Discipline, self-control, determination in being good, leaving lust for sensory gratification, rising above love and hate, spending time with oneself, contemplating, leaving evil qualities - these are the paths of God realization. It is about elevation of a soul from the mundane, ordinary and the worldly affairs. Such a soul with devotion reaches the abode of God. Even amidst worldly affairs, love for God can be practiced. Every activity becomes divine. The focus of life ought to be on God. Ego is a human being's biggest enemy. One must surrender to God. This is knowledge and this is to be contemplated.
"Fix your mind on Me.

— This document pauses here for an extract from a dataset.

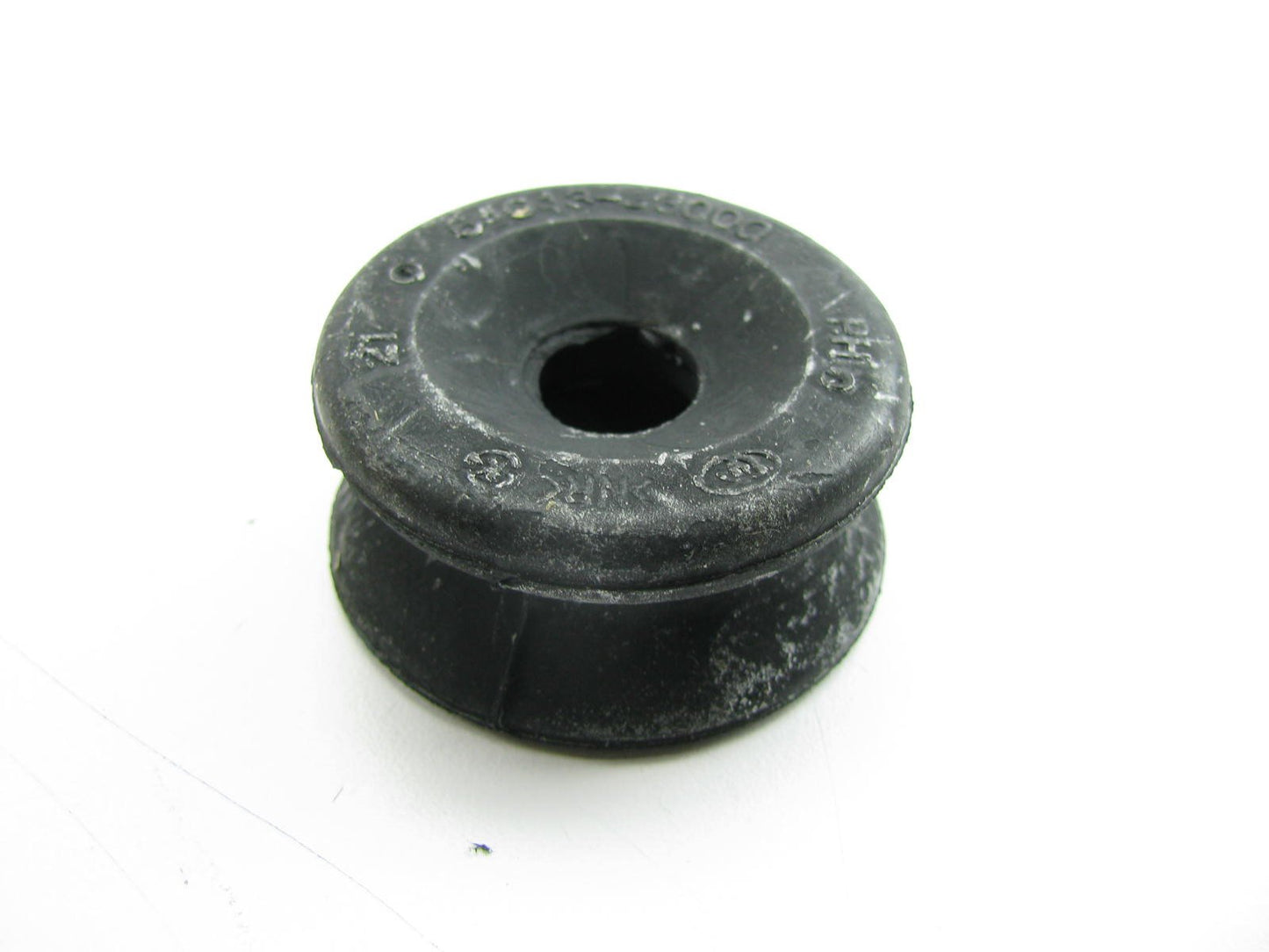 New Genuine Front Suspension Shock Mount Insulator For Hyundai 5464338000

Be My devotee! Sacrifice for Me. Offer obeisance unto Me. In this way you will surely come to Me. I promise you this because you are My dear friend. Forgoing all religious injunctions, take exclusive refuge in Me. I shall deliver you from all sinful reactions. Do not fear." ( Ch. 18 : 65-66 )

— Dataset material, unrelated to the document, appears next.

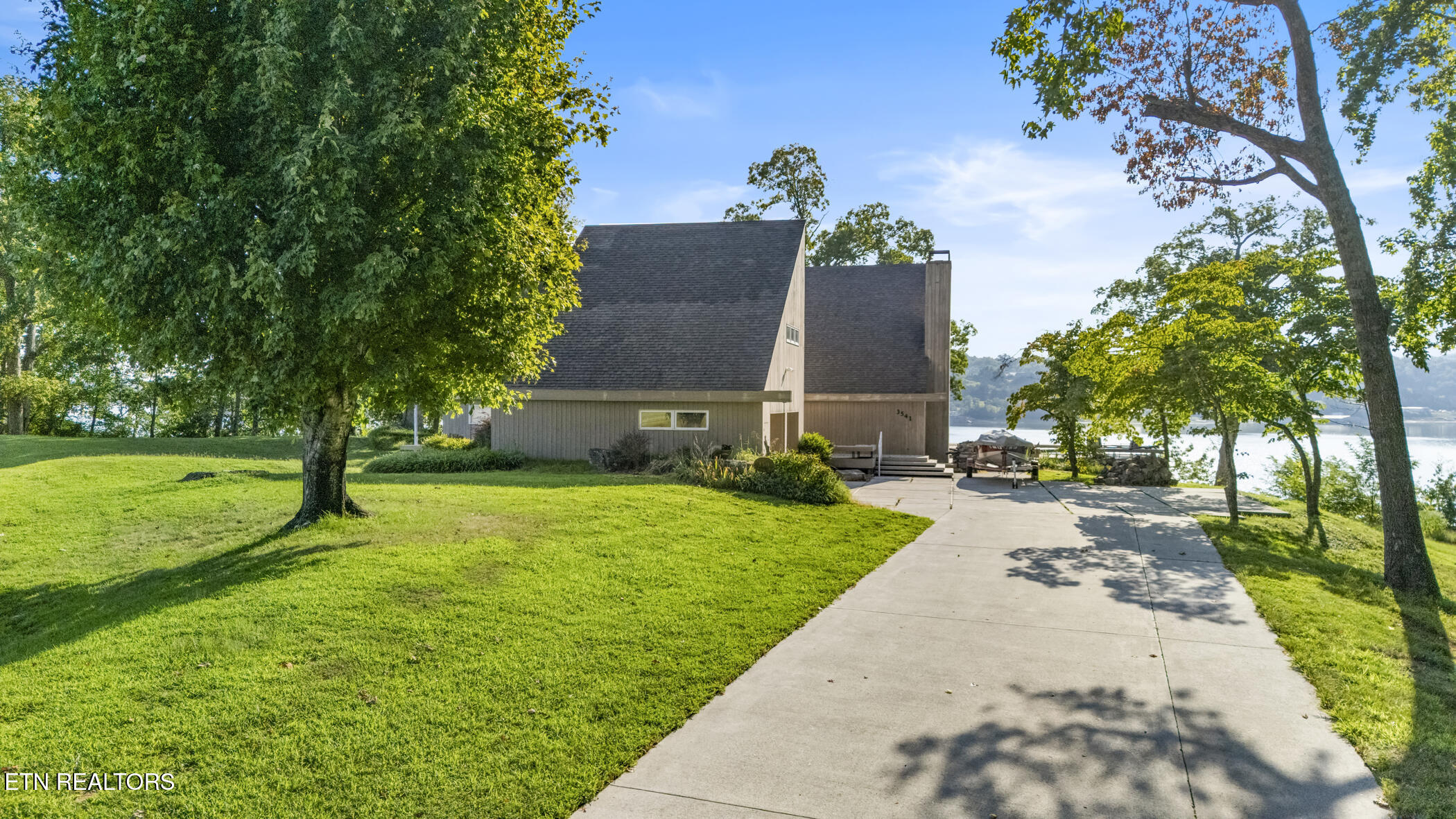 3541 E Atherton Lane Baneberry TN 37890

This saga of love for God should not be shared with those who are not so inclined. This dialogue of Srimad Bhagwad Gita is pure, auspicious and liberating. Krishna asks Arjuna whether his doubts have been cleared or not. Arjuna assures Krishna that his doubts have been cleared. His memory and mind are intact. Sanjay says that listening to this dialogue Ha has goosebumps. By the grace of Rishi Vyasa , this divine dialogue is available for humanity. Herein lies the greatest yoga of the greatest Yogi, Krishna. Sanjaya is thrilled and is brimming with happiness. The seventy-eight verse of chapter eightheenth is remarkable. It universalises Krishna and Arjuna. Whosoever asks God when in doubt is Arjuna. The voice that answers is Krishna. The verse says that wherever Krishna and Arjuna are present, there will be fortune, victory, wealth, well-being and righteousness. Sincere questioning is important. One should ask with a mindset to get answers. One should not question for the sake of questioning. If there ego in questioning, when one is proving oneself superior through questioning or trying to earn browny points, there will be no Gita. Gita happens when one is ready to listen to Krishna and surrender unto Him.

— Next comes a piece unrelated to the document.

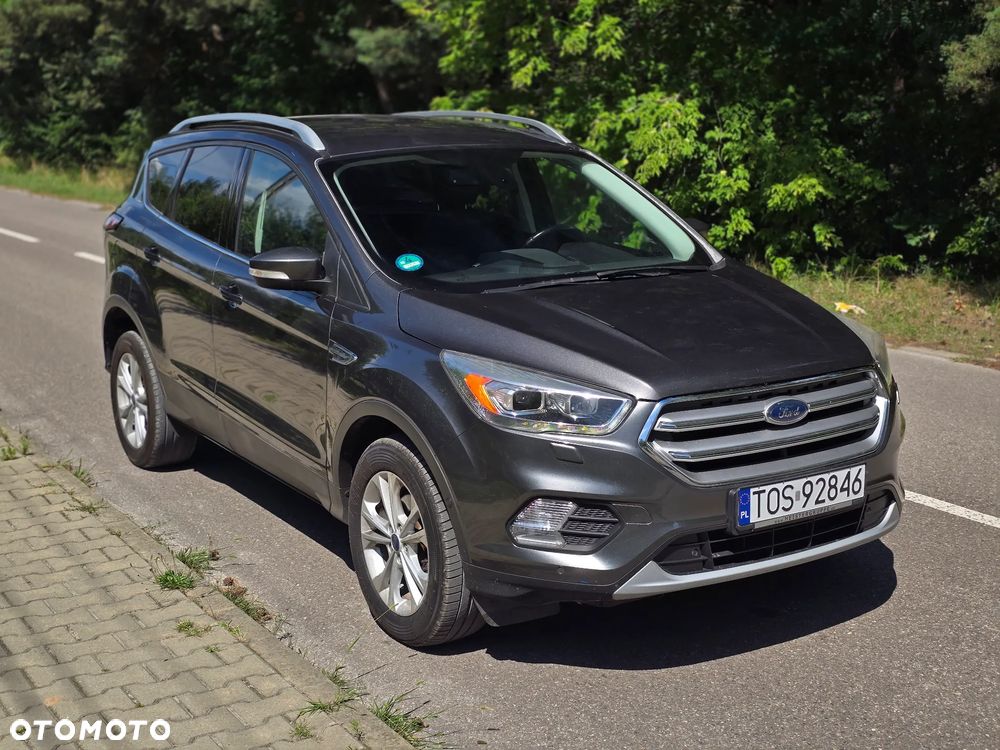 Ford Kuga 1.5 EcoBoost 2x4 Business Edition - 11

This has been my reading of Gita. I have not faced any problem in understanding it. I found it straightforward and simple. It was only when Lord Krishna shows His grand self to Arjuna as Creator, Sustainer and Destroyer that I got a bit unsettled. That moment in the dialogue has stuck with me. I cannot hide that it made me uncomfortable.
Thinking about Gita, I realize that it brings the biggest fear of a human being "death" into focus. It constantly talks about death. It is ever so good and helpful that we always remember this reality of life. We take better decisions when we are conscious of our mortality.
Another practical point which we make out of this dialogue is about detached activity. Not being obsessed about results is such a helpful advice. It frees the individual like nothing else. By focussing on process alone, we enhance the quality of our work.
My personal contention is that Gita is not difficult to follow. It is about one step at a time. One small effort leads to the other and then the other. It goes on like this. Control of senses, purity of thought, oneness in thoughts and action, doing one's duty and being detached from results - we can begin right away.
All references in the above paper are from Srimad Baghwad Gita, 9th print 2018, Times Group Books, New Delhi.